Work to complete: In your copy, include no images and return each entry exactly as written.

· · · · ·

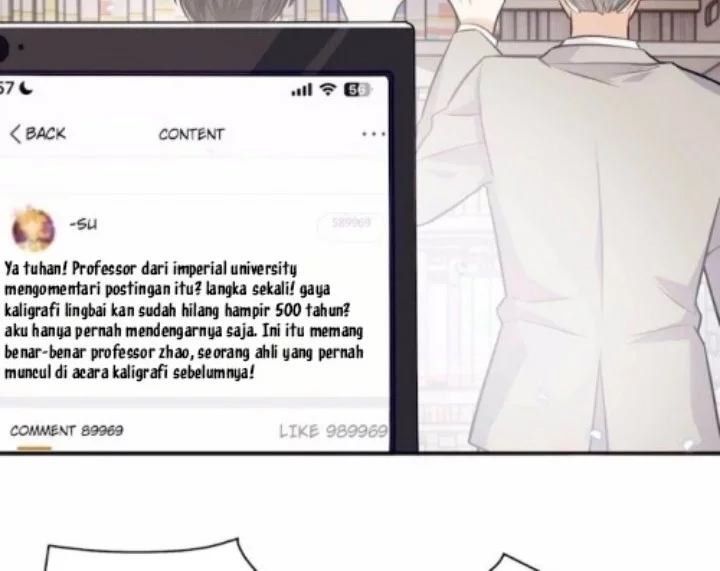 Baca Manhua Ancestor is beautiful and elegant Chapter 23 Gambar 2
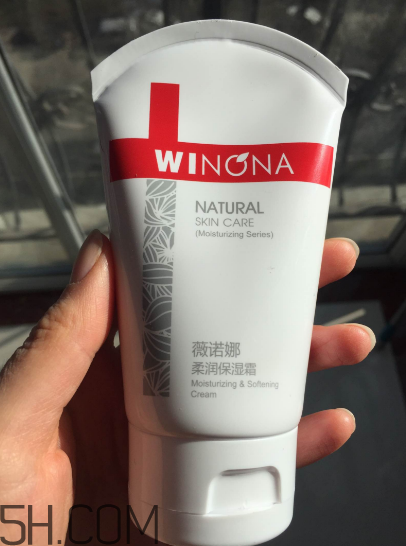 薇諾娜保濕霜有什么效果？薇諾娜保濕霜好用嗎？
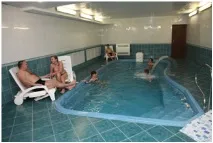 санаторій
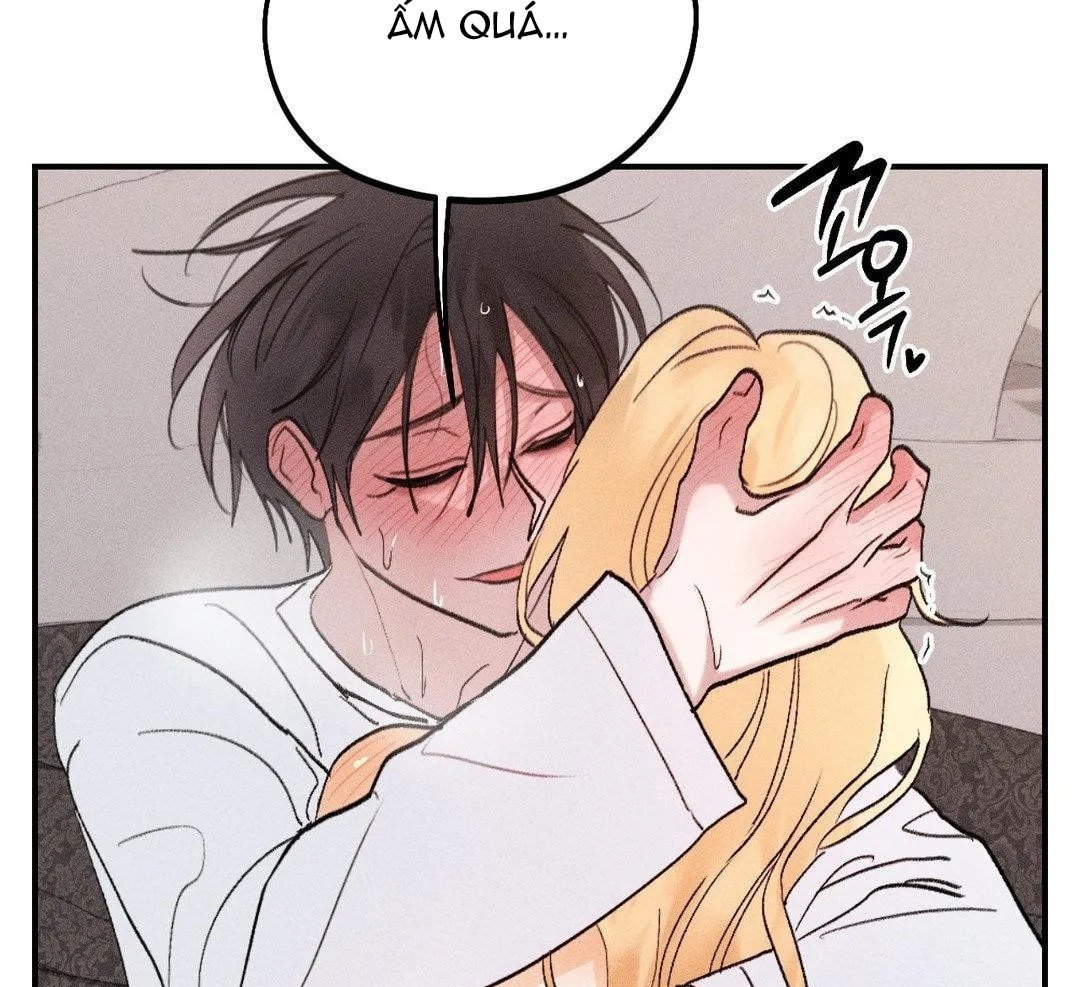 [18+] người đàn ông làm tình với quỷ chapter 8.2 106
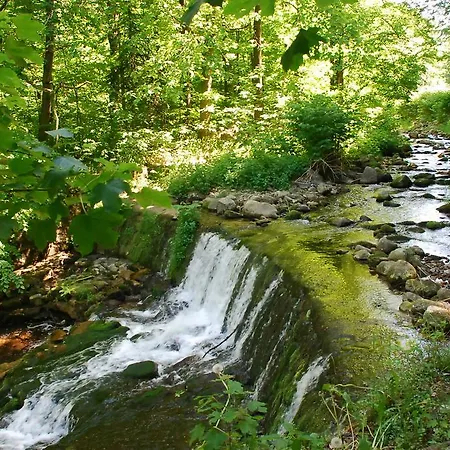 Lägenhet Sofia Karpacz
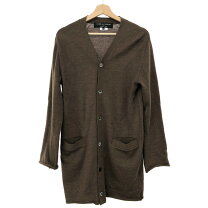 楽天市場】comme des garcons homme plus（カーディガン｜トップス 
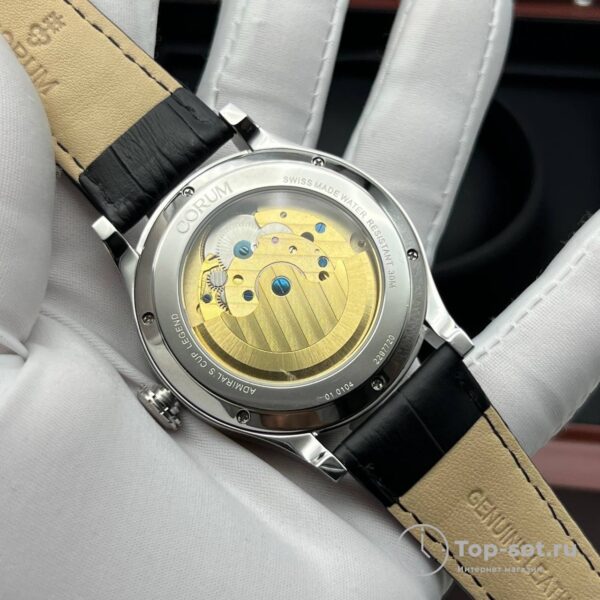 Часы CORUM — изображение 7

· · · · ·

Finished exercise:
 Baca Manhua Ancestor is beautiful and elegant Chapter 23 Gambar 2
 薇諾娜保濕霜有什么效果？薇諾娜保濕霜好用嗎？
 санаторій
 [18+] người đàn ông làm tình với quỷ chapter 8.2 106
 Lägenhet Sofia Karpacz
 楽天市場】comme des garcons homme plus（カーディガン｜トップス 
 Часы CORUM — изображение 7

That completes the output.